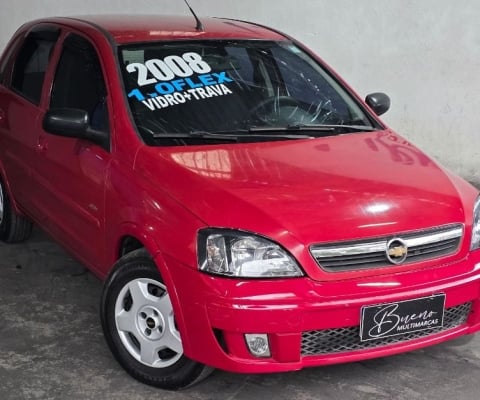 GM Corsa Hatch Vermelho VHC Barato Aceito Trocas e Financio - 2008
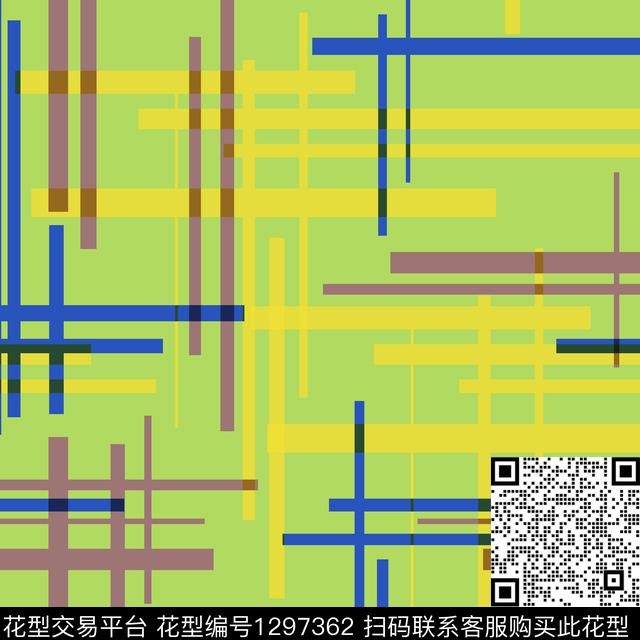 简约几何格子传统印花华亿平台下载（图片编号: 1297362） - 瓦栏（Walan）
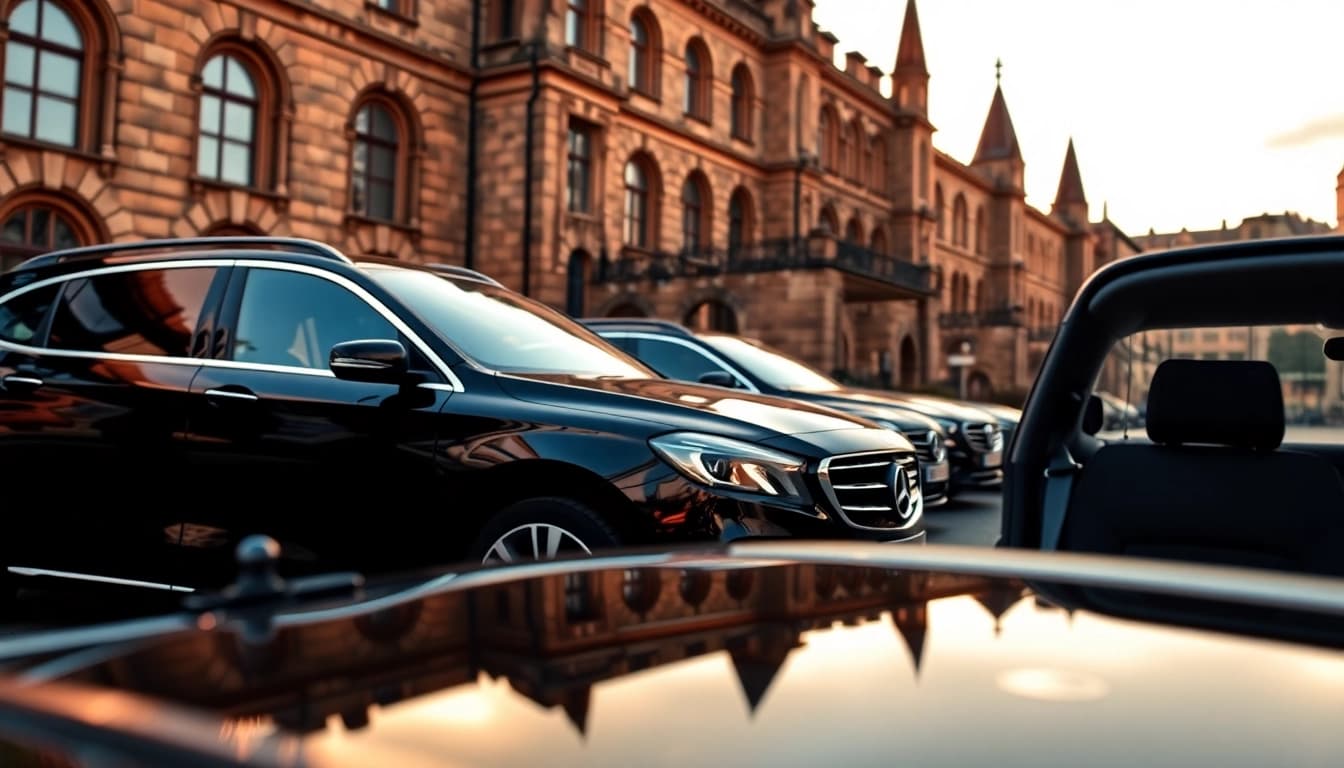 Elegant chauffeur services Nottingham offering luxury transportation options.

· · · · · · ·

__What is required__:
Since the listing holds pictures, return everything else in it exactly and omit those.

__Result for this exercise__:
 GM Corsa Hatch Vermelho VHC Barato Aceito Trocas e Financio - 2008
 简约几何格子传统印花华亿平台下载（图片编号: 1297362） - 瓦栏（Walan）
 Elegant chauffeur services Nottingham offering luxury transportation options.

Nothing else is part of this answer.